Ходил он необыкновенно элегантным. У него были серые и темно-серые костюмы в крапинку и такая синеватая рубашка в полоску, с воротничком, ослепительно накрахмаленная. В те годы я даже не знаю, кто мог это делать. У него были необыкновенные, какие-то совершенно элегантные шикарнейшие запонки. Гладко, до блеска выбрито лицо. Он носил усы и бороду. Гладкая, холеная кожа. В нем дряхлости не было ни на копейку, хотя он скончался в возрасте 84 лет, в 43 году. Значит, в 1934-м ему было 75. А ведь еще были романы! Память его была совершенно феноменальная. Мое первое знакомство с ним случилось, когда я еще барабанил в оркестре. Был сигнал, что в театр приезжает Владимир Иванович Немирович и хочет поздороваться с труппой в антракте. В театре был большой длинный коридор, он еще и сейчас сохранился, и все выстроились в этом коридоре. Когда все было готово, появился Владимир Иванович, только что приехавший из-за границы. Он прошел, кланяясь одному, другому, третьему, со своими старыми соратниками здоровался за ручку. Очень пытливо осмотрел и обошел всех и исчез. Прошел еще один антракт, я иду по этому коридору, и мне навстречу идет Владимир Иванович. Что мне оставалось делать?

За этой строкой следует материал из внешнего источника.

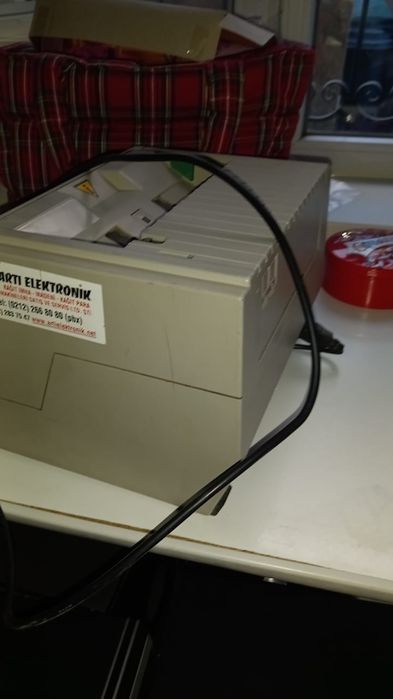 Счётная машинка для купюр.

— Здравствуйте, Владимир Иванович.
— Молодой человек, мы с вами сегодня уже поздоровались. Тут, конечно, есть доля иезуитства, но он запомнил меня, хотя за пультом еще не видел; а может быть и услышал, что появился какой-то такой ассистент, и уже положил глаз… Но не в этом дело, а в том, что элементы тщеславия в нем были очень сильны, и это особенно развилось после смерти Станиславского. Были обронены невзначай фразы о его первородстве. Потом, и очень быстро, его апологеты стали доказывать, что МХАТ создал не Станиславский, а Немирович-Данченко. Кстати, к этим годам (без Станиславского) относятся его очень удачные постановки: такие, как «Три сестры», и целый ряд очень ярких спектаклей в театре и в студии. Нельзя отнять у него должного, но эта мания соперничества, конечно, владела им до самой смерти.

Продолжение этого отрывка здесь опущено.